• _SOURCE DATA_
:::::
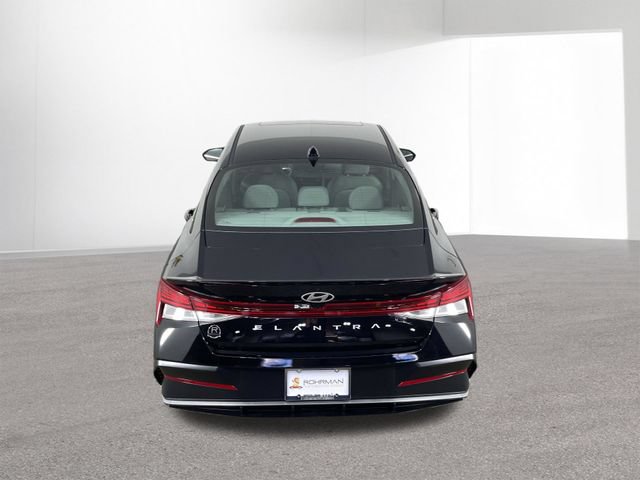 New 2026 Hyundai Elantra SEL Sport Premium FWD image 38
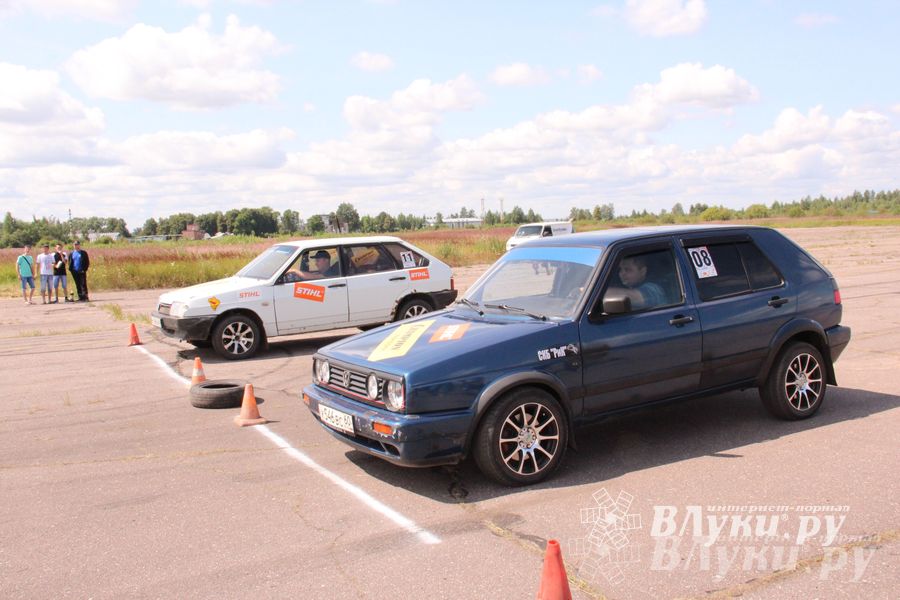 Под Великими Луками прошел второй этап Чемпионата по Drag Racing (фото)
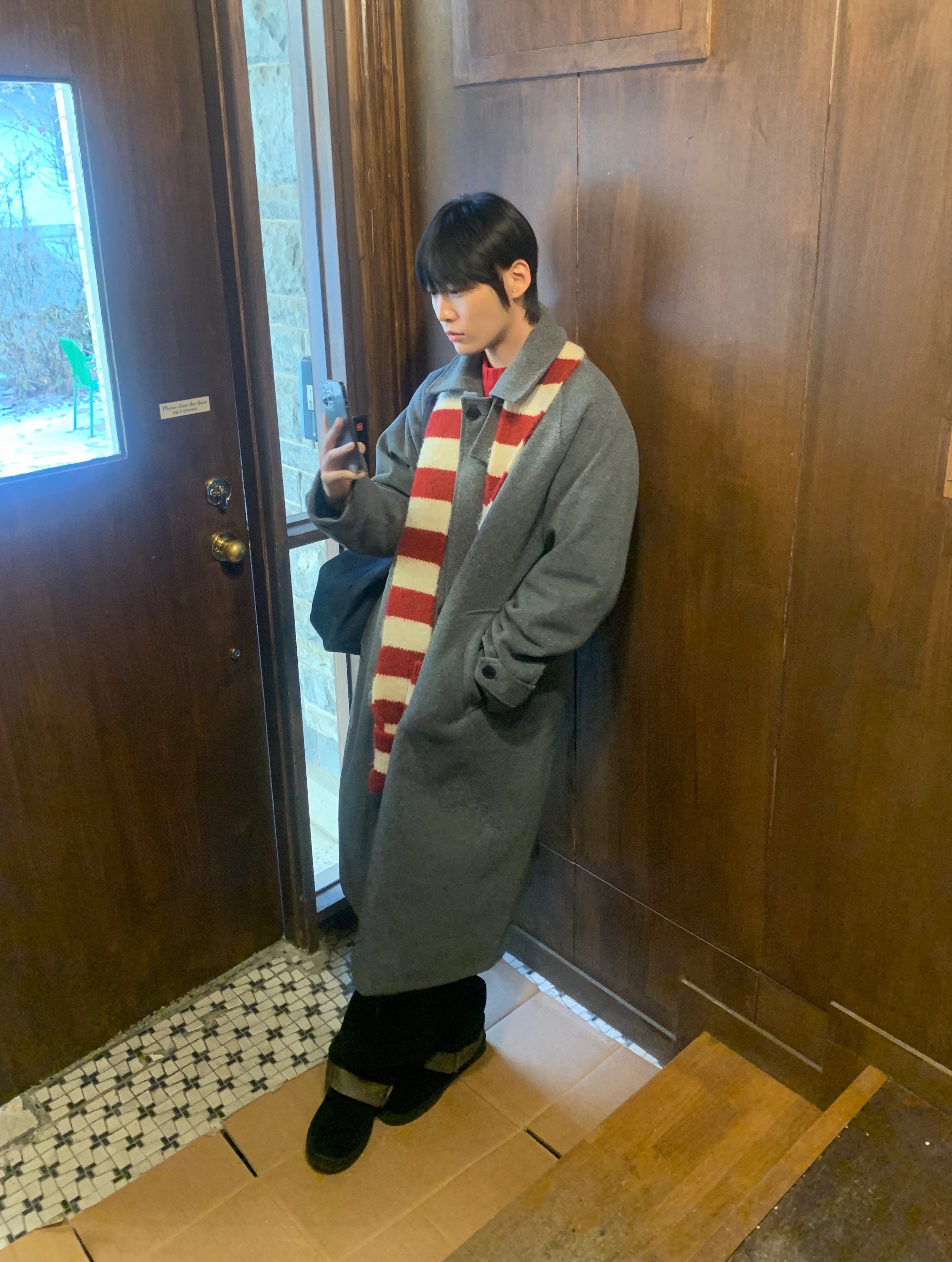 A.P.C. Daniela Shopping Bag Indigo 착용 스타일 - 2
:::::
• _DIRECTIONS FOR THIS TASK_
Give the preceding data back exactly, minus every picture.

• _OUTPUT FOR THIS TASK_
 New 2026 Hyundai Elantra SEL Sport Premium FWD image 38
 Под Великими Луками прошел второй этап Чемпионата по Drag Racing (фото)
 A.P.C. Daniela Shopping Bag Indigo 착용 스타일 - 2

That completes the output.